What you are asked to do:
Each entry that follows should be retyped exactly.

------------------------

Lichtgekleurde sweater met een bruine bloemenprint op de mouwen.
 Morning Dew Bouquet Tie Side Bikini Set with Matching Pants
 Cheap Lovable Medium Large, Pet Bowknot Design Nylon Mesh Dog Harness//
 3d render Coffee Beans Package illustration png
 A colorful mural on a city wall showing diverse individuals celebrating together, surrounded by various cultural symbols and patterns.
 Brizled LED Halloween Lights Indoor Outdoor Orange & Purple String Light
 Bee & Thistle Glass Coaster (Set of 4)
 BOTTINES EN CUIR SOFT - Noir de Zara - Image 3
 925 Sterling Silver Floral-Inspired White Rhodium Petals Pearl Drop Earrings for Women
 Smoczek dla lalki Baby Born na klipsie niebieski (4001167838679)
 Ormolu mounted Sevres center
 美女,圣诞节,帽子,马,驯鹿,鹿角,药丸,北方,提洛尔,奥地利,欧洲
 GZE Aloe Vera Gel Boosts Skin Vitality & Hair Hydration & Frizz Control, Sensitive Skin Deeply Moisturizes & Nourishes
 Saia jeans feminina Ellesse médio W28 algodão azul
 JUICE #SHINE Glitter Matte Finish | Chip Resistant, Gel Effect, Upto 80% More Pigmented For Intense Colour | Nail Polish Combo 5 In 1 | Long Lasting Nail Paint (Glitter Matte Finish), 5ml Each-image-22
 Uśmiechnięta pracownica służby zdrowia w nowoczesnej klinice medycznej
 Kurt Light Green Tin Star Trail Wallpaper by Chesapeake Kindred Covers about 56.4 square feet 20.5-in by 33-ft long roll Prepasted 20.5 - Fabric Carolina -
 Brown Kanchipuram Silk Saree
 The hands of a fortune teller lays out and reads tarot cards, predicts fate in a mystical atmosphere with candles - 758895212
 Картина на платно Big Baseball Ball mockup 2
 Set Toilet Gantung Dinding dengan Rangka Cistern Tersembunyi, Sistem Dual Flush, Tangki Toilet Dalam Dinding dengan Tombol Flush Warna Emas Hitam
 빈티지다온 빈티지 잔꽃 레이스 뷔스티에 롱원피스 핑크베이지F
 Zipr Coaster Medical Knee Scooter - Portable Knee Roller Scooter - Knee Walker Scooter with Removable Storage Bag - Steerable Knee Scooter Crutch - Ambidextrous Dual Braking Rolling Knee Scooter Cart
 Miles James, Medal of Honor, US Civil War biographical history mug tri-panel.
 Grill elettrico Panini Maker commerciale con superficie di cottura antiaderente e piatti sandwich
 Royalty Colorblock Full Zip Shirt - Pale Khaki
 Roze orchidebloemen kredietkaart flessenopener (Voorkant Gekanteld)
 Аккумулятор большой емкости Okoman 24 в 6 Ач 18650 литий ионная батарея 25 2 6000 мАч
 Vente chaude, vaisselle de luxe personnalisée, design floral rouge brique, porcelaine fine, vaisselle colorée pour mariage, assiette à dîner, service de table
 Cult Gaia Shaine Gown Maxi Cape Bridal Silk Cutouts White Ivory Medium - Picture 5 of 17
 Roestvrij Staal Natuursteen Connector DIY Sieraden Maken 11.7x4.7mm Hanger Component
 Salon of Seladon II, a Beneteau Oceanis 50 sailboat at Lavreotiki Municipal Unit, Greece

------------------------

Solved problem:
Lichtgekleurde sweater met een bruine bloemenprint op de mouwen.
 Morning Dew Bouquet Tie Side Bikini Set with Matching Pants
 Cheap Lovable Medium Large, Pet Bowknot Design Nylon Mesh Dog Harness//
 3d render Coffee Beans Package illustration png
 A colorful mural on a city wall showing diverse individuals celebrating together, surrounded by various cultural symbols and patterns.
 Brizled LED Halloween Lights Indoor Outdoor Orange & Purple String Light
 Bee & Thistle Glass Coaster (Set of 4)
 BOTTINES EN CUIR SOFT - Noir de Zara - Image 3
 925 Sterling Silver Floral-Inspired White Rhodium Petals Pearl Drop Earrings for Women
 Smoczek dla lalki Baby Born na klipsie niebieski (4001167838679)
 Ormolu mounted Sevres center
 美女,圣诞节,帽子,马,驯鹿,鹿角,药丸,北方,提洛尔,奥地利,欧洲
 GZE Aloe Vera Gel Boosts Skin Vitality & Hair Hydration & Frizz Control, Sensitive Skin Deeply Moisturizes & Nourishes
 Saia jeans feminina Ellesse médio W28 algodão azul
 JUICE #SHINE Glitter Matte Finish | Chip Resistant, Gel Effect, Upto 80% More Pigmented For Intense Colour | Nail Polish Combo 5 In 1 | Long Lasting Nail Paint (Glitter Matte Finish), 5ml Each-image-22
 Uśmiechnięta pracownica służby zdrowia w nowoczesnej klinice medycznej
 Kurt Light Green Tin Star Trail Wallpaper by Chesapeake Kindred Covers about 56.4 square feet 20.5-in by 33-ft long roll Prepasted 20.5 - Fabric Carolina -
 Brown Kanchipuram Silk Saree
 The hands of a fortune teller lays out and reads tarot cards, predicts fate in a mystical atmosphere with candles - 758895212
 Картина на платно Big Baseball Ball mockup 2
 Set Toilet Gantung Dinding dengan Rangka Cistern Tersembunyi, Sistem Dual Flush, Tangki Toilet Dalam Dinding dengan Tombol Flush Warna Emas Hitam
 빈티지다온 빈티지 잔꽃 레이스 뷔스티에 롱원피스 핑크베이지F
 Zipr Coaster Medical Knee Scooter - Portable Knee Roller Scooter - Knee Walker Scooter with Removable Storage Bag - Steerable Knee Scooter Crutch - Ambidextrous Dual Braking Rolling Knee Scooter Cart
 Miles James, Medal of Honor, US Civil War biographical history mug tri-panel.
 Grill elettrico Panini Maker commerciale con superficie di cottura antiaderente e piatti sandwich
 Royalty Colorblock Full Zip Shirt - Pale Khaki
 Roze orchidebloemen kredietkaart flessenopener (Voorkant Gekanteld)
 Аккумулятор большой емкости Okoman 24 в 6 Ач 18650 литий ионная батарея 25 2 6000 мАч
 Vente chaude, vaisselle de luxe personnalisée, design floral rouge brique, porcelaine fine, vaisselle colorée pour mariage, assiette à dîner, service de table
 Cult Gaia Shaine Gown Maxi Cape Bridal Silk Cutouts White Ivory Medium - Picture 5 of 17
 Roestvrij Staal Natuursteen Connector DIY Sieraden Maken 11.7x4.7mm Hanger Component
 Salon of Seladon II, a Beneteau Oceanis 50 sailboat at Lavreotiki Municipal Unit, Greece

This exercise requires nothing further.